To recap from my last post, I hitched a ride with the Keels (the subject of my next post) to Del Rio. There I picked up an Amtrak to New Orleans.
[Why does Amtrak have to be such a pain in the ass to use? I was on the train 21.5 hrs for what is schedule as a 17 hr ride. However, since I rode Amtrak back in 2019 to D.C., a real nightmare, the dining car is now only for the wealthy–i.e. those that buy sleeper car tickets. Us peasants in coach have to go to the Cafe car, a sorry and expensive excuse in itself: terrible food, very limited choices, many of which are out. I bought a cup of coffee for $2.50 and went back and had some of my energy bars from my bicycle ride stores. Lucky I had those. Essentially it was 21.5 hrs without eating. This was while my metabolism was still raging from all the bicycle riding. I lost 10 lbs between the riding and starving.]
Finally after arriving in New Orleans at midnight, I had a wonderful (and pricey ) hotel in the French Quarter, the St Pierre. From there I could have walked down a little further into the French Quarter (like across the street and down a block) for something to eat. However, the desk attendant at the hotel said it wasn’t really safe to go alone this late. Well, alone was all I had. I went to bed after another delicious, nutritious energy bar. Sigh.
I had one day in New Orleans, Saturday. Sunday morning I was to catch another Amtrak back home to Greenville, SC. I was determined to make the best of it. This was a once in a lifetime experience and opportunity for me. First on my list that morning was Cafe du Monde for beignets and chicory coffee.
They had a rocki’ street band playing: Cafe du Monde cajun jazz ban
Cajun jazz! It is hard to dance, eat beignets and drink coffee all at the same time, but people around me were doing it. I wanted to, but was content to sit and pat my foot and hands in rhythm at my table. The place was packed. It was great!
Okay, one thing off my bucket list for New Orleans. The band set the mood for the rest of the day–I didn’t really understand that until about 30 minutes later. Next was a little sightseeing around the Cafe. Beyond that I had no agenda, just a list in my head of things I wanted to do: the Cafe du Monde, pictures and walking along the Mississippi, visiting the St Louis Cathedral, eating Cajun and seafood, cigar and scotch at a cigar bar, hanging out on Bourbon Street for a few hours, were all on my bucket list. The hookers were a bonus.
My family and I had been here back in the mid-1990’s. Our children were still small. I was in a wedding of one of my graduate students at Clemson that was held in the St. Louis Cathedral, here shown in the background across Jackson Square.
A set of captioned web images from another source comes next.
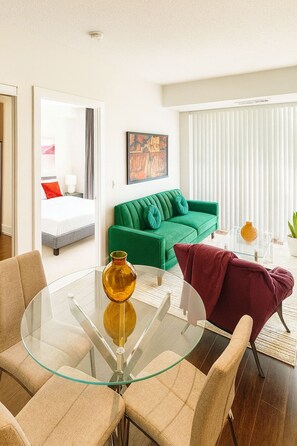 A modern hotel room with a glass dining table, a green sofa, a red armchair, and a bed with white bedding. - New · Monthly 1BR Condo by CN Tower & PATH (Toronto)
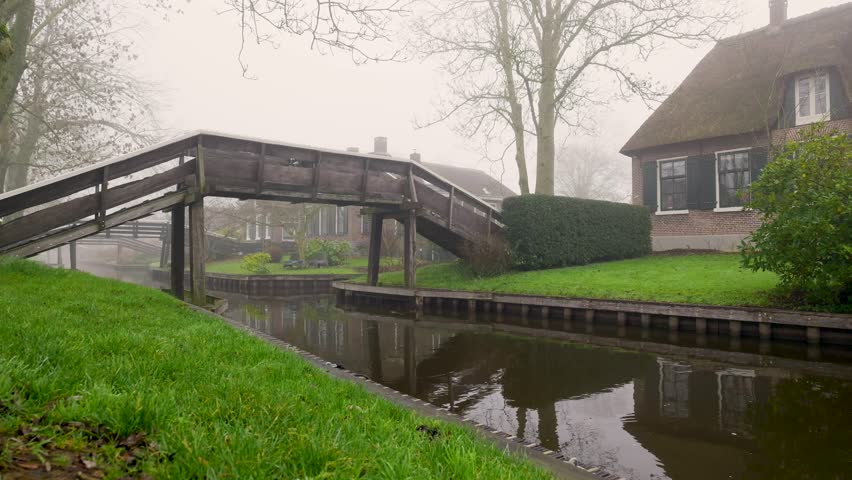 Serene Wooden Bridge Scene, Tranquil Country Footbridge Over Still Water And Lush Greenery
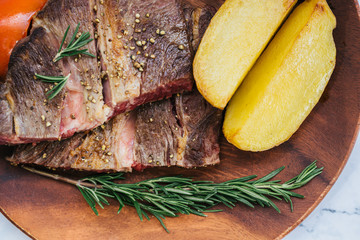 Grilled rib eye beef steak with herbs and spices on a stone background with copy space for your text.  focus on Grilled wagyu beef.

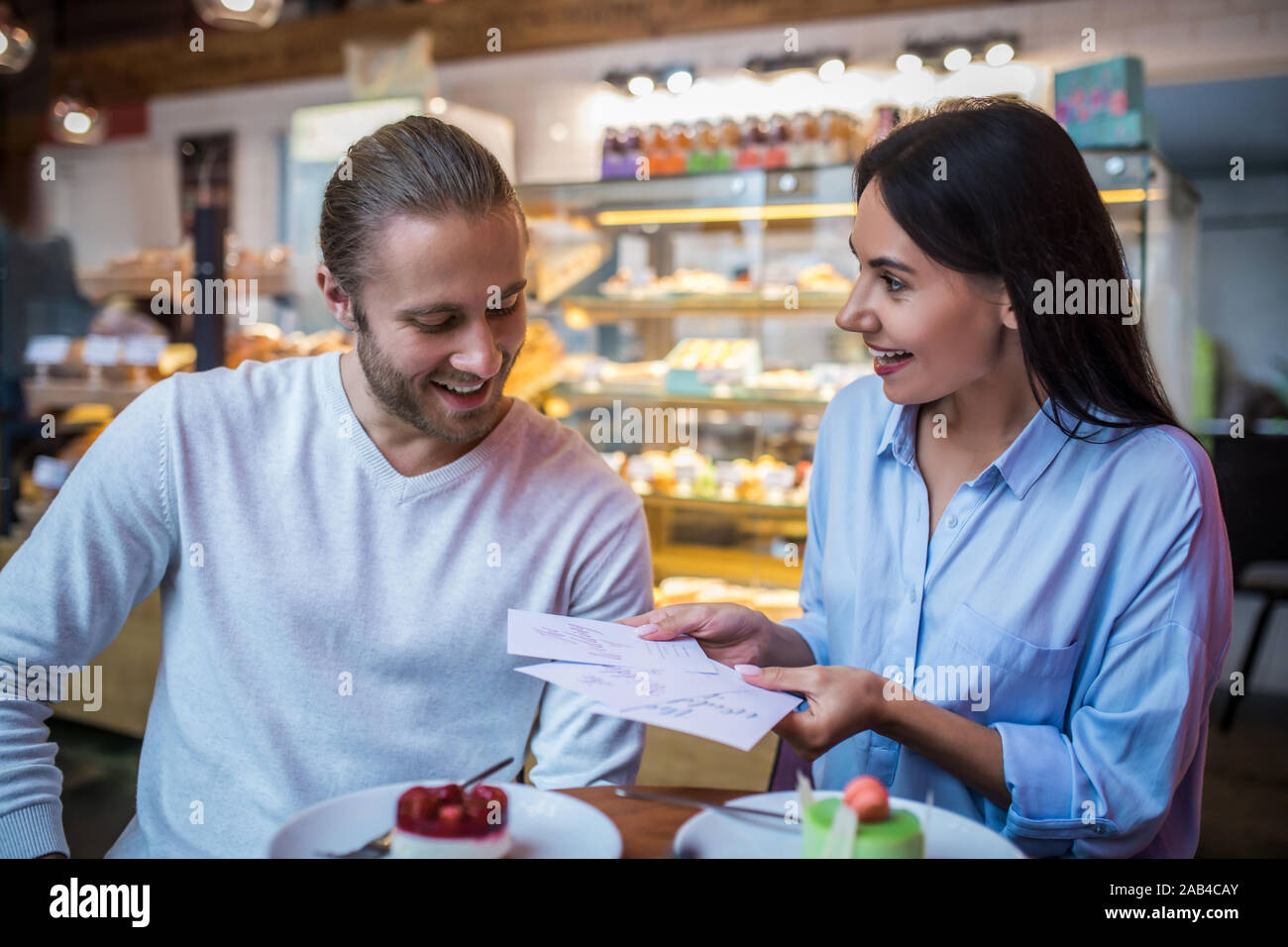 Femme en souriant tout en montrant son futur mari les invitations de mariage Banque D'Images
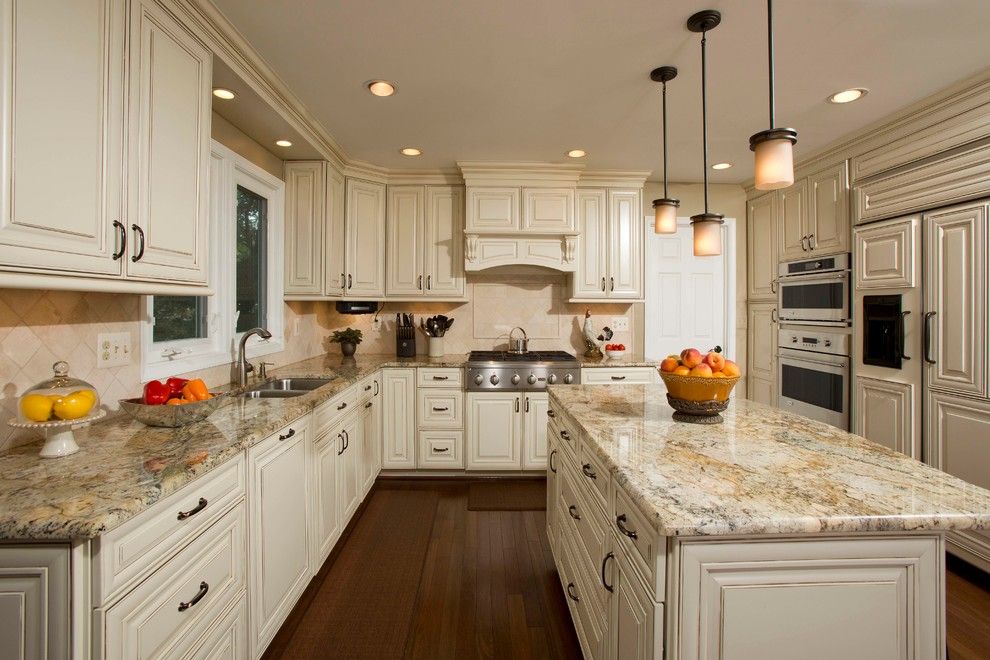 Colonial Marble and Granite for a Traditional Kitchen with a Dark Hardwood and a Kitchen Designed for Family Gathering by Michael Nash Design, Build & Homes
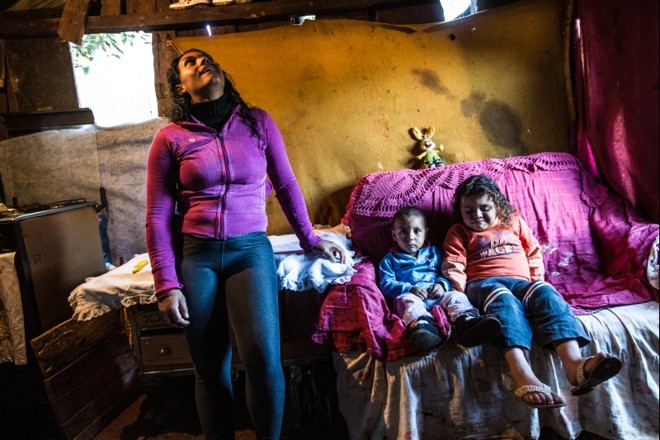 Cobertores são usados pela família para diminuir o vento dentro de casa devido ao espaço entre as tábuas de madeira | 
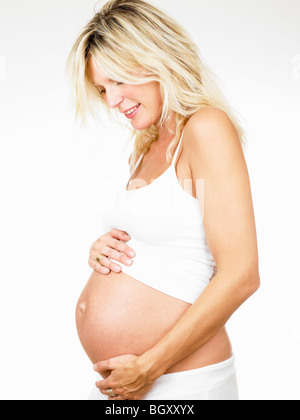 Pregnant woman smiling Stock Photo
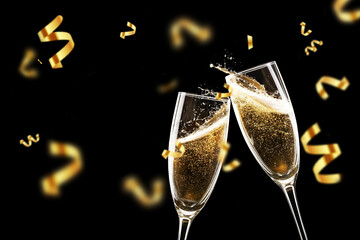 Two champagne flutes clinking with golden confetti falling on a black background. Festive toast,...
We had had beignets and coffee (Mom and Dad) and the kids milk or juice. Afterwards we had walked along the jetty along the Mississippi for a while. That was what I was doing now. Reliving those moments so long ago. Looking the other direction was the mighty Mississippi River:
I had forgotten a water bottle back at the hotel, and so stopped by a street vendor to purchase a bottle. This is when and where the rest of my day fell into place, one I could not have planned better.